Top-up fees, on the other hand, now seem unstoppable. Even before the government's strategy paper is published, the question is not whether universities will be allowed to charge more for tuition, but how much and with what strings. Almost everyone who thinks about universities at all agrees that they are underfunded and that no government is likely to come up with the money they need to expand and to improve their international standing. The argument that students or their families should bear more of the costs has been gaining wider acceptance - we can be sure that the proposal would not be advanced by ministers unless polling had shown a reasonable level of public support. But, until now, the discussion has been couched in largely abstract terms.

Attitudes can soon change when there are figures attached, as there are in Sir Richard's paper for today's meeting of Imperial's council. Sir Richard's scheme is based on an independent calculation that it costs the college £10,500 a year to educate each undergraduate, although he concedes that fee levels will eventually be based on market value, rather than on cost.
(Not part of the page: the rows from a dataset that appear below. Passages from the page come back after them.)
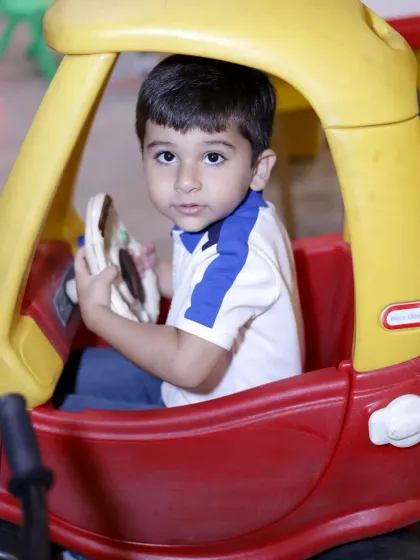 Another happy driver in our play area. The ride-on cars are perfect for toddlers and young children.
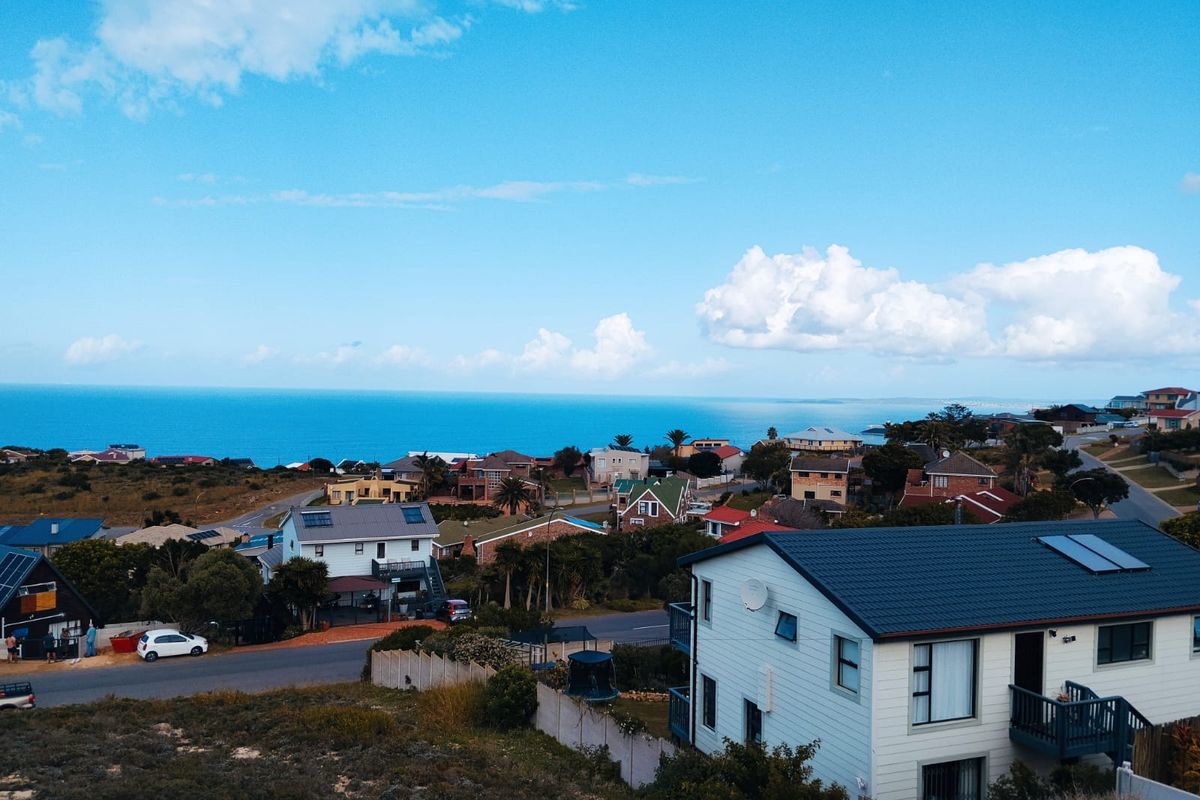Elevated aerial view overlooking a coastal residential neighborhood with ocean vistas in the background.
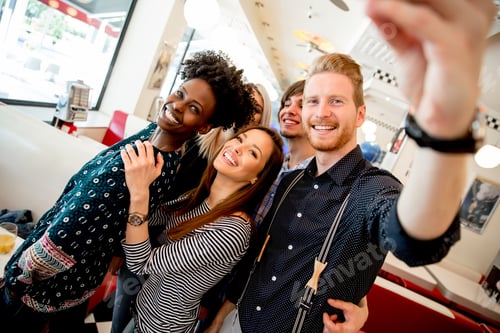 Preview: Group of young people taking selfie with mobile phone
It is acknowledged that even affluent parents would need some warning of a change to full-cost fees, so charges might have to build up gradually over a decade. But the final fee might be nearer £15,000 than £10,000 if the new breed of customer expects better facilities and services.

Even as a long-term aspiration at what might by then be the leading university in Britain, fees on this scale will be enough to make middle-class parents blanch. The supporters of higher charges are fond of comparisons with independent school fees, but they forget that maintenance and tuition for a student living away from home already add up to much the same as the £6,700 average day-school fee paid by the vast majority of those in the independent sector. Boarders may pay £15,000, but they account for only 14 per cent of independent school places and less than 1 per cent of the total school population.

Of course, not all of the universities contemplating top-up fees would charge nearly as much as Imperial. But, as common as they may be in the US, even a few such fees would set back the cause of increased participation in higher education. Although any scheme would be accompanied by bursaries, families without a tradition of higher education would be bound to think twice. Indeed, with the size of the earnings premium enjoyed by graduates under increasing scrutiny, so will many of the middle-class parents who will actually do the paying. However much ministers may want to free up the market, there may be no alternative to a fees cap of the kind advocated by the Council for Industry and Higher Education.